For fans of Pillsbury Hall, 2018 could be remembered as the year when the second-oldest building on the University of Minnesota campus receives a much needed $36 million renovation.
The project — more than 20 years in the making — also would transform the 1889 beauty into the home of the university's English Department, which has been making due in "temporary" quarters in nearby Lind Hall for more than a half-century.
Pillsbury Hall has a place of pride and affection among architecture buffs and the U community. President Eric Kaler has said it's his favorite building on campus. It's also a physical symbol of a pivotal moment in the U's history.

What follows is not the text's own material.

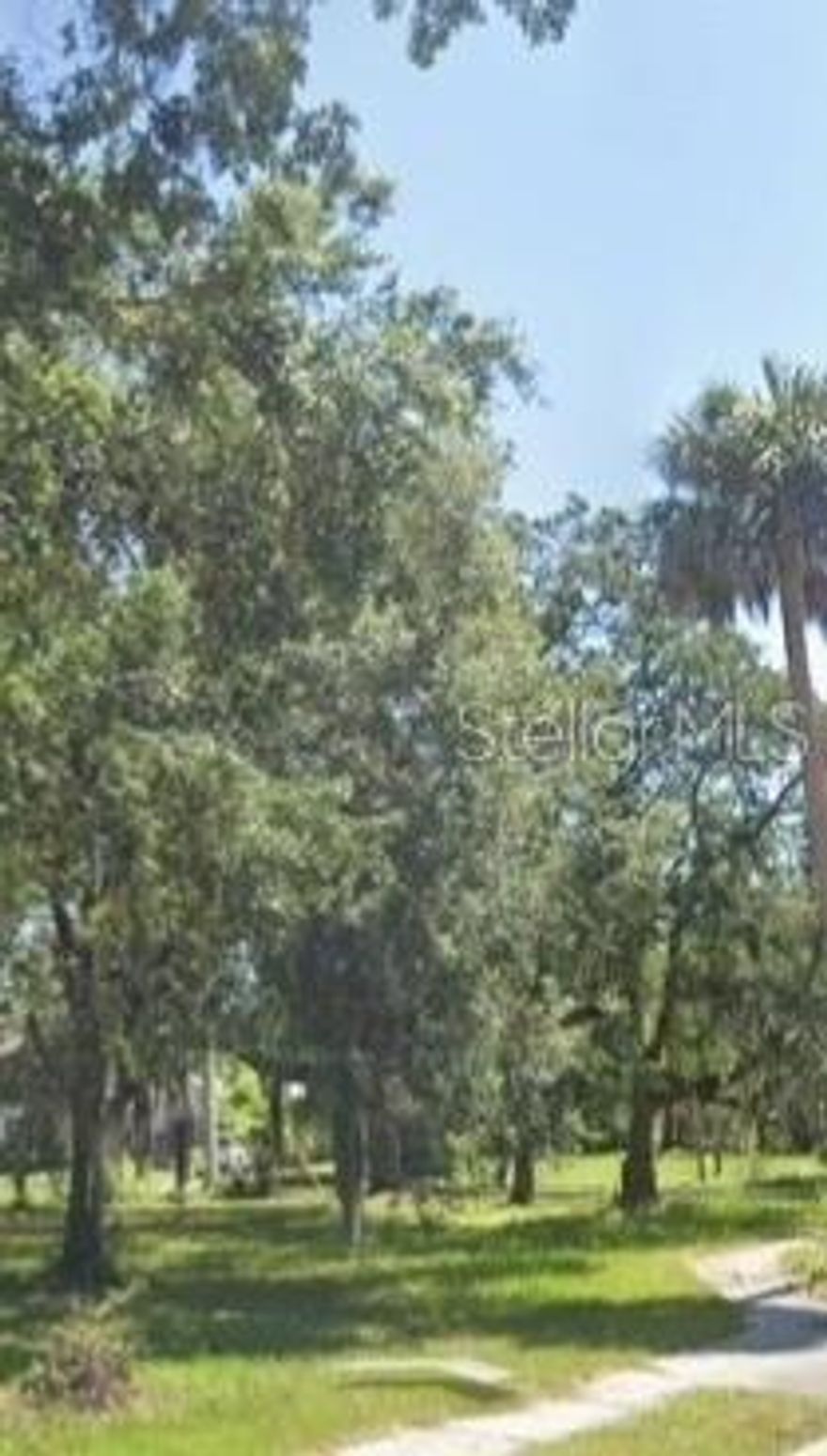 Outstanding buildable corner lot in Sanford, FL 32771. Located on corner of Celery Ave and Locust. Clear to build with trees. House previously on lot that has been removed.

John S. Pillsbury, a former governor, the co-founder of the precursor to the Pillsbury Co. (now General Mills) and a 38-year university regent, donated the 2017 equivalent of roughly $4 million for a science building. The gift came with a savvy caveat: that a proposal to split agricultural and mechanic arts education to another school would be shelved. The university's land grants remained intact, and a landmark — named, in gratitude, for the "father of the university" — rose on the young campus.
"Without that building and the governor, there wouldn't be a university, period," said Madelon Sprengnether, an English Department regents professor emerita and an early and ardent advocate of the Pillsbury Hall project.
In the building's early years, soot from an adjacent heating plant smudged the exterior into the Pillsbury Hall that was familiar to generations of Gophers: a glowering, blackened fortress. In 1985, the grime was scrubbed away, revealing the building's long forgotten beauty.
With two shades of rough-hewed, Minnesota-mined sandstone as its primary materials, the building's colorful facade is the antithesis of the U's standard "brick lump" that starchitect Frank Gehry was asked not to replicate when he was commissioned to design the nearby Weisman Art Museum.
Deep arches, steep staircases, a turret and a granite-trimmed portico all stand out. Eaves are trimmed in copper, and whimsical decorative elements — gargoyles, a Medusa, intricately carved pilasters, checkerboard and floral patterns, state and university emblems — continually reveal themselves.